Having grown up in Singapore in the materialistic 80's I have fond memories of the wild frenzy of mooncake variants that various enterprising bakeries tried to make money with. Many of them were quite frankly awful. I particularly remember the durian variant that was just....terrible. And I looove durian.
Who remembers the crystal skin varieties? I don't know if they even sell them any more. THe idea was that the pastry wrapping was not baked, and remained white. They were also called 'snowskin'. There was even a type of crystal skin where the skin was flavoured with pandan (screwpine). I was never keen on the redbean or meat fillings, let alone the mung bean paste fillings. I guess it was mainly the texture, as the various bean or meat fillings were crumbly, reminding one of the texture of a stale moon cake. I hated the nut ones as a child, but would be willing to give them another try now that I am older.

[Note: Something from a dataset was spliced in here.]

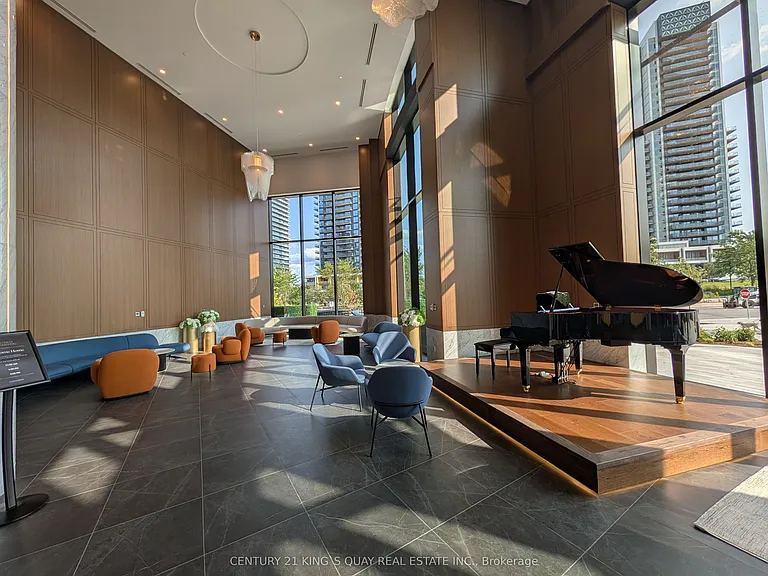 68 Esther Shiner Blvd #1208 — Photo 15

I find myself a traditionalist when it comes to mooncakes. I only like the common, lotus-seed paste, burnished golden mooncakes. Whether they should contain yolks tends to depend on my mood of the time. The creamy saltiness of the yolks tend to point up the sweetness of the lotus seed paste while reducing the heaviness of the mooncake.
The appeal for me lies on the unctuous smooth richness of the filling, which is never overly sweet in the high-end moon cakes. A tiny wedge of sliver of the cake is perfect with a cup of strong, potent chinese tea - Ti Kuan Yin for preference - as a teatime snack. The most perfumed cakes were made with lard in the filling instead of vegetable oil, rendering the addition of melon seeds in the paste unnecessary. The deep brown pastry tended to add bittersweet notes to the gentle sweetness of the paste, and the aroma of the tea just brought it all together perfectly.
And then we'd wonder where the mooncake went, shrug, and unwrap another with a grin.
I guess that mooncakes easily turn people off if they are even slightly stale, as the filling or even the cake itself begins to weep oil and gain an almost plutonium-like denseness. Unlike fruitcakes, which are prized more the longer they have sat steeping in brandy (or if you are my aunt, cognac). Luckily I like both!
Dryden, I think it's great that you are using little mooncakes for wedding cake favours. Nice change of pace from the interminable not-very-good wedding fruitcake chunks. One of my aunt's colleagues gave out tiny (2-3 inch diameter) mooncakes for her wedding too. However, as she was marrying a Japanese fellow they opted for the red bean filling as a very apt statement on the blending of cultures.